# Potters Manor House - April 2010



## vmlopes (Apr 13, 2010)

Potters Manor House was built in 1904 by the classical architect Hugh Jokin. It nestles well hidden near the village of Nevertell just off the A40999 in Hampnex. The last inhabitants were a family of artisans and potters and for some reason, that we will probably never know, left the house with all its contents including many paintings and full wardrobes of clothes.

#1






#2





#3





#4





#5





#6
Gas Mask Are So Last Year


----------



## Lhiannan Shee (Apr 13, 2010)

Great pictures! I especially like the second one. Old manor houses are some of my favourites!

I'm curious as to what it looks like outside though, any pics?


----------



## Foxylady (Apr 13, 2010)

Basement Ghost said:


> I'm curious as to what it looks like outside though, any pics?



Me too. Any pics of the other rooms or stuff left there? It looks like a really interesting explore. Fabulous pics...love the first one.


----------



## urbex1 (Apr 13, 2010)

Simply AMAZING pics. Particularly no. 2, one of the best i've come across. awesome stuff.


----------



## mookster (Apr 14, 2010)

it is certainly an interesting location alright


----------



## freebird (Apr 14, 2010)

Fantastic pics! The place looks really photogenic. Its interesting that clothes and stuff are still in there.


----------



## Norfolkbloke (Apr 14, 2010)

Amazing old place, would love to find something like this for myself!!

Great pics!

Matt


----------



## lithofacies (Apr 14, 2010)

Hmm, interesting. yes. Nice pictures though.


----------



## SCL001 (Apr 15, 2010)

you say pictures and wardrobes full of clothes, any pictures of these details. looks sweet


----------



## sj9966 (Apr 15, 2010)

This place looks great, excellent pictures and great use of HDR.


----------



## klempner69 (Apr 16, 2010)

Excellant stuff V...love the second shot very much


----------



## muppix (Apr 16, 2010)

vmlopes said:


> Potters Manor House was built in 1904 by the classical architect Hugh Jokin



I wonder if he ever got fed up with people asking him _Are Hugh Jokin_? ...


----------



## spacepunk (Apr 16, 2010)

Neat,neat,neat!(as The Damned would say).


----------



## mr_bones (Apr 16, 2010)

Nice location but the pictures are really dark.


----------



## vmlopes (Apr 17, 2010)

mr_bones said:


> Nice location but the pictures are really dark.



On purpose


----------



## ianianian (Apr 18, 2010)

wow. just wow. what amazing photos. seeing that first one just took my breath away. v impressed.


----------



## Toby-1-kenobi (May 8, 2010)

*This is utterly genius*

My first post on the site, but just wanted to say thanks. This is outstanding and utterly inspirational


----------



## oldscrote (May 8, 2010)

Beautiful atmospheric photographs thank you for sharing.


----------



## chaoticreason (May 10, 2010)

Cracking photos,superior in places to some professional shots I've seen in galleries.
Please don't leave us like the proverbial donkey with a carrot hanging right in front of our faces.More photos?,pretty please.


----------



## Faing (May 10, 2010)

that is by far one of the best urbex places i have seen on the net. more pics please


----------



## cosworth (May 15, 2010)

Awesome shots these , just the type of shots i like to see , really professional and look amazing with the dark look . 

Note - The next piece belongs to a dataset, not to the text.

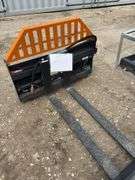 HCA June Equipment and Container Auction - Wright City, MO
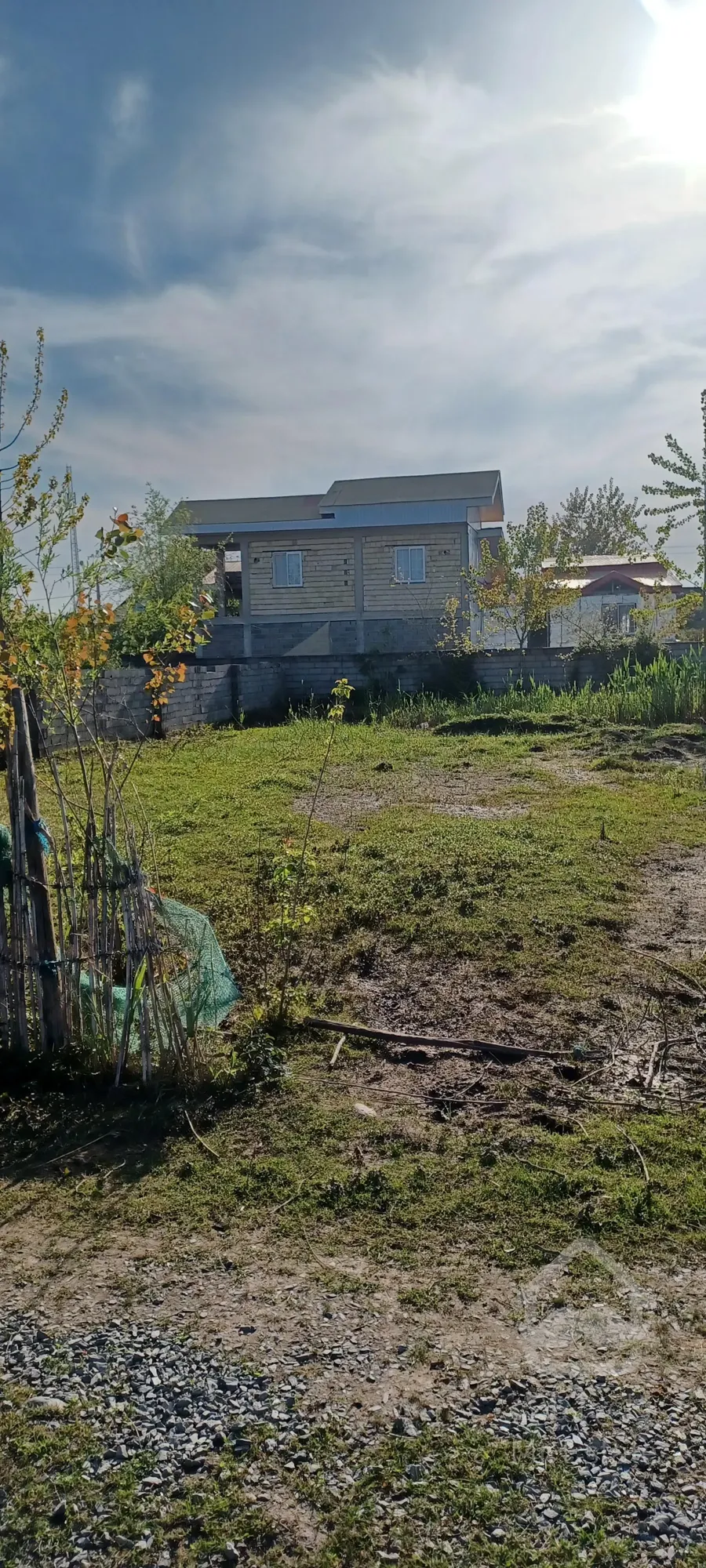 فروش یا معاوضه زمین مسکونی با واحد در کرج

Just got back from here at the weekend and wow it really is full of interesting stuff . Nevertell is a great place


----------



## Landie_Man (May 15, 2010)

I really like this, its got some nice decay


----------



## elblondie (May 21, 2010)

Amazing pictures. The 2nd one with the plants coming through the window is like nature reclaiming its own space.


----------



## mr_bones (May 21, 2010)

cosworth said:


> Awesome shots these , just the type of shots i like to see , really professional and look amazing with the dark look .
> 
> Just got back from here at the weekend and wow it really is full of interesting stuff . Nevertell is a great place





elblondie said:


> Amazing pictures. The 2nd one with the plants coming through the window is like nature reclaiming its own space.



Welcome to the Derelict Places _both_ of you. Isn't it strange that your only posts have been praising this thread! I would invite you to introduce yourselves to the forum formally here [ame]http://www.derelictplaces.co.uk/main/forumdisplay.php?f=132[/ame].


----------